Eski milletvekili ve vaiz Osman Saraç, gazeteye cuma yazıları yazmakta. Seyahat ve akçalı konuları hiç kaçırmazdı. Zaman içerisinde pek çok geziye katıldı. Bir Ürdün ziyaretinde verilen Kraliyet Nişanı'nı takar kaz adımlarıyla yürürdü. İkisi de rahmetli olan İrfan Ülkü ve Haluk Soysal, Saraç'a olağanüstü bir oyun oynadılar -benim de katkım var-. Zafer Atay'ın telefonundan "Osman Bey sizi arıyorlar" dendi. Telefondaki ses Rusya'nın İstanbul Başkonsolosluğu İkinci Katibi olduğunu söyledi. Saraç'ı, o sıralarda bağımsızlık peşinde olan Türk Cumhuriyetleri'ne davet ediyordu. İstediği tek şey "Türk ve Rus halklarının kardeş olduğu" konusunda seri konferanslar vermesiydi. Bunların karşılığında, dolar, mark veya ruble olarak, arzu ettiği dövizden yüksek harcırah ödeneceği teminatını veriyordu. Saraç'ın "Hayhay, memnuniyetle" bağırtıları ortalığı çınlatıyordu. Hoca ağzı kulaklarında şeref turuna başlamışken tekrar "telefonn" diye bağırıldı. Bu defa arayan MİT Bölge Başkanlığı idi. Ses "Sayın Saraç dinlemeye düştünüz. Gidin ama bizimle çalışacaksınız" emri veriyordu. Hoca bu kez "Ben devletime kurban olurum. Başım gözüm üstüne" diye nara atmaya başladı. Bu kurguyu işitmeyen kalmamıştı. Neticede bu işlerin tezgah olduğunu sonunda Osman Saraç da anladı. Çıkışa doğru hareketlendi. Kaçmadan önce toplananlara baktı ve bağırdı; "Bütün validelerinize selam ederim!" Herkes birbirine baktı. Neden sonra ilk uyanan Hasan Tuncay Eröz oldu; "Yahu bu adam analarımıza sövdü". Peşinden kahkahalar birbirini kovaladı.

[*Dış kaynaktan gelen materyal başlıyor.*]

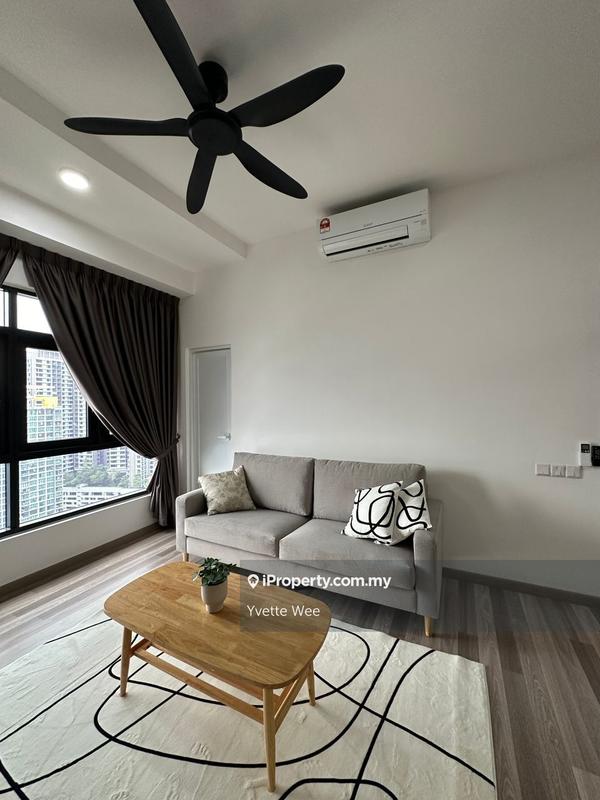 Service Residence untuk Disewa di The Rosewoodz @ Bukit Jalil oleh Louis Wee - iProperty.com.my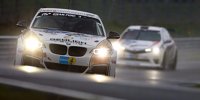 24h Nürburgring Qualifikationsrennen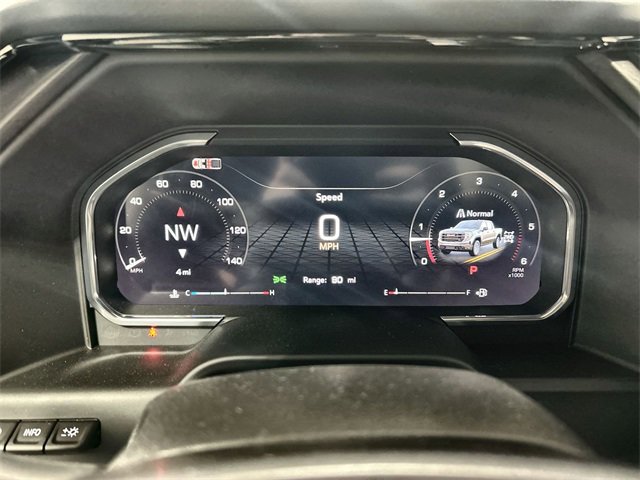 2026 Gmc Sierra 1500 photo 10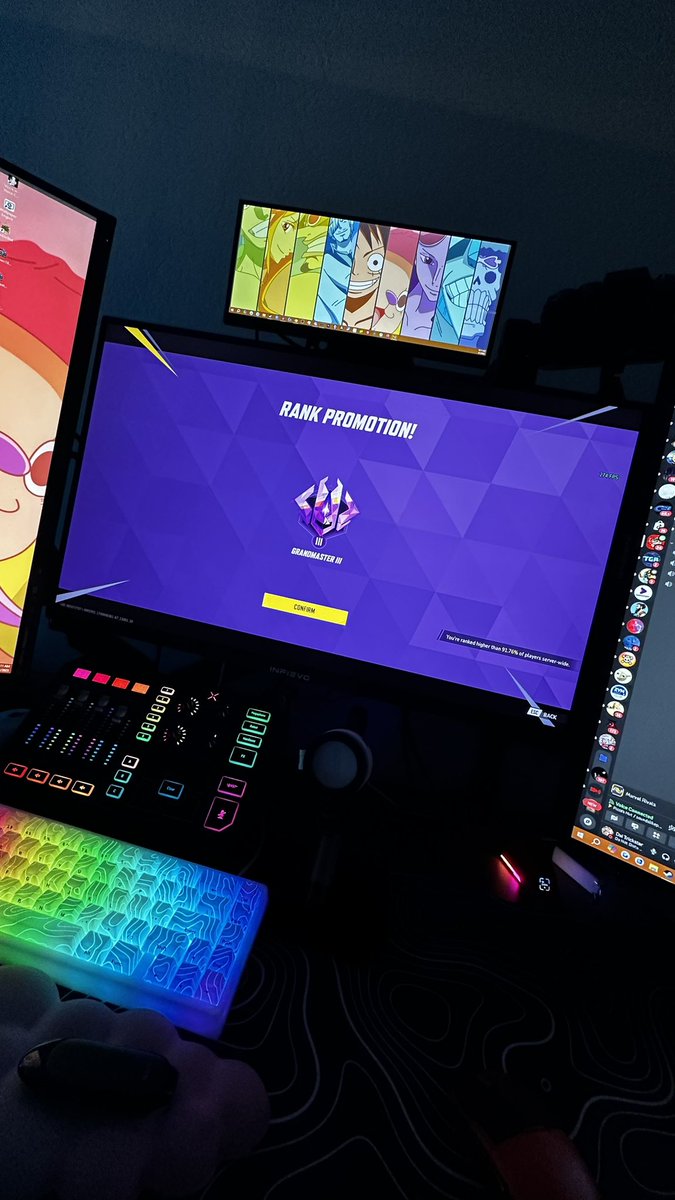 Easy peasy 😊 #marvelrivals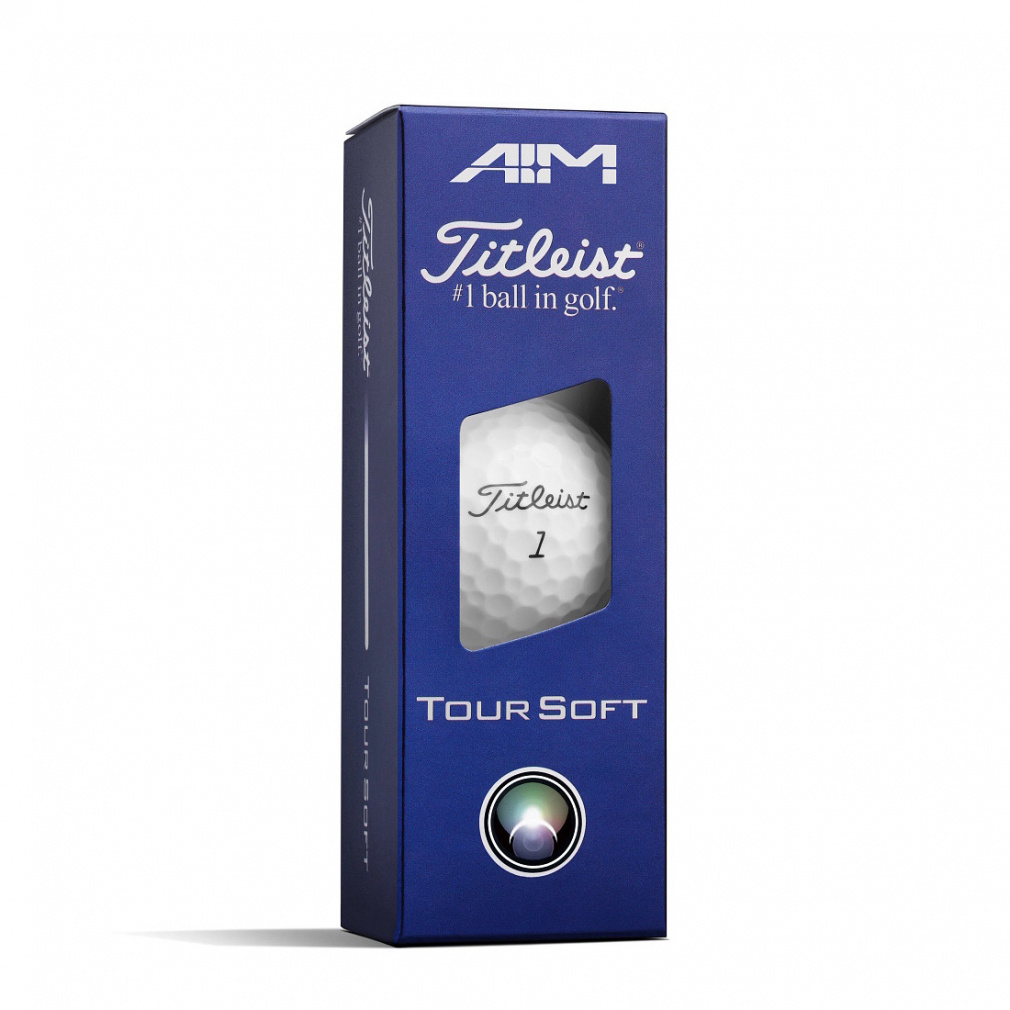 �^�C�g���X�g 26 TOUR SOFT AIM 26 �c�A�[�\�t�g �G�C�� (8929301909) 1�X���[�u(3����) �S���t ���F�� Titleist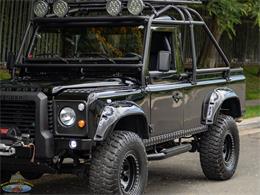 1990 Land Rover Defender (CC-2075050) for sale in Torrance, California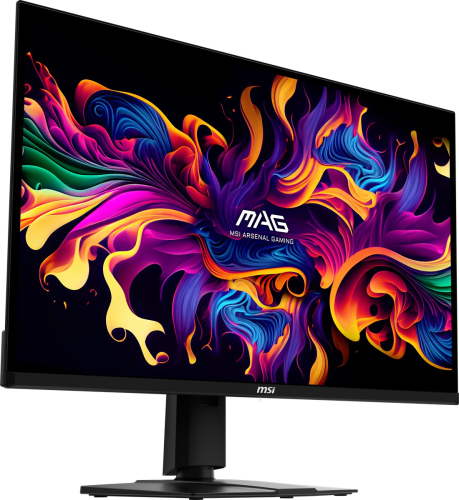MSI MAG 321UP QD-OLED 31.5″ 0.03ms 165Hz UHD QD-OLED Adaptive-Sync Gaming (Oyuncu) Monitör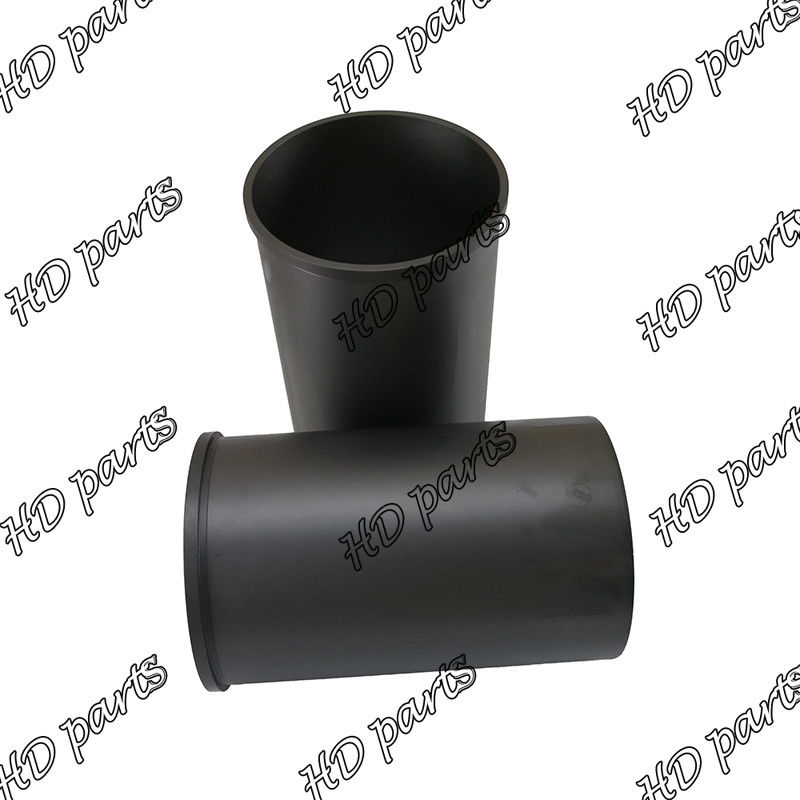 Alta fodera 8-98014042-0 9-97312-643-0 del cilindro del motore diesel 4HL1 190 per ISUZU
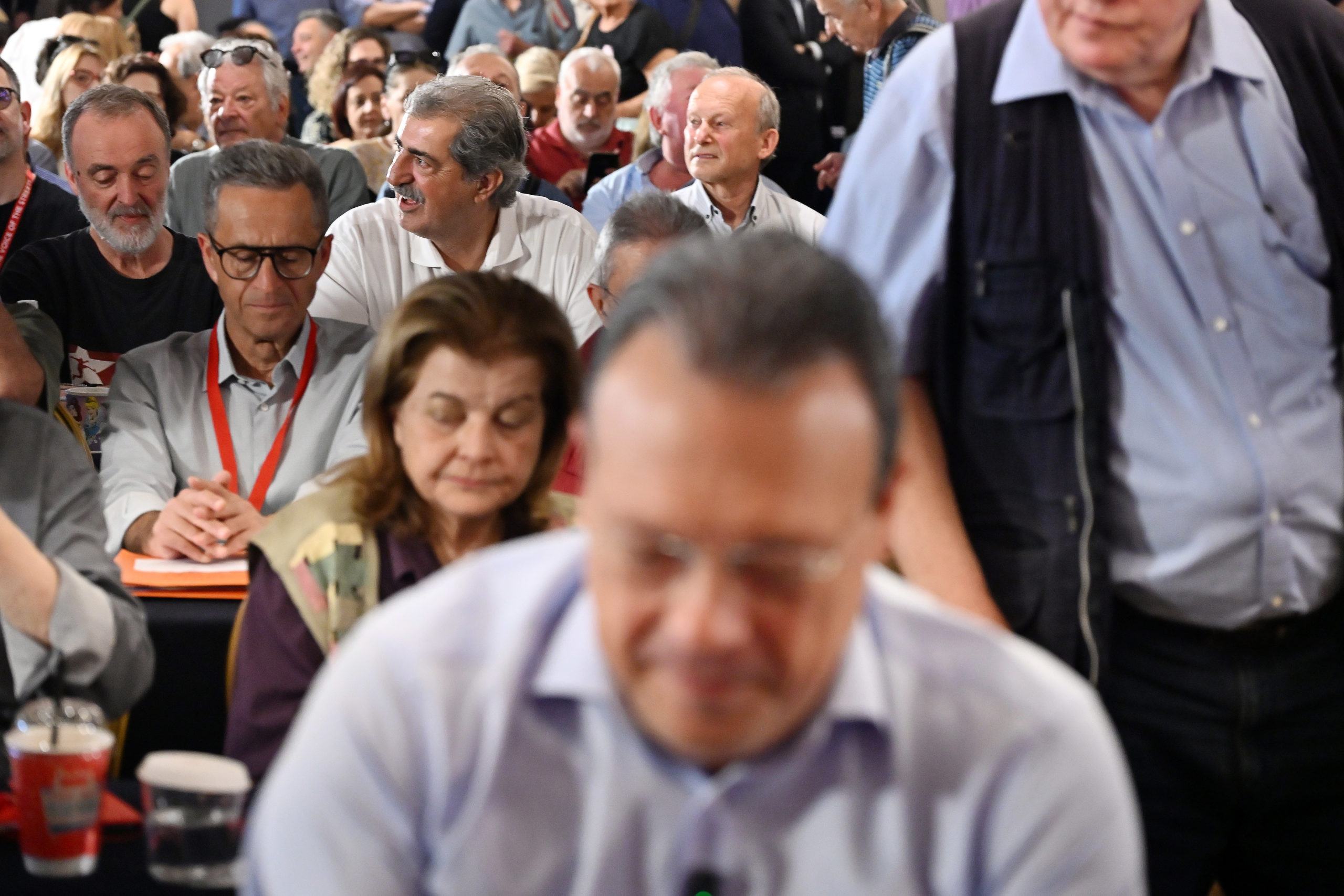 Σωκράτης Φάμελλος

Kemal Ilıcak'ın bana söylediklerini paylaşıp bu haftaki mavrayı bağlayacağım:

"Burhan, sana çalışmıyor diyemem. Herkesten fazla çalışıyorsun. Merak ettiğim konu bu kadar iş arasında gırgıra nasıl vakit ayırabiliyorsun?" Öte yandan bugün sözünü ettiklerimin çoğu Hakk'a yürüdü. Galiba rahmet istediler. Eğer anılarımı beğendinizse devam ederim. Malzeme nasılsa bol...

***

HIYARA YİNE ZAM

13.95 lira yetmemiş ki Migros sattığı hıyara yine zam yaptı. Dün sabah 14.95'lik etiketi görünce, "pes artık" dedim. Oysa NTV haberlerinde Antalya halinde bu ürünün en yüksek fiyatının 3.75 TL olduğunu izlemiştim. Bu soyguna kim "dur" diyecek merak ediyorum.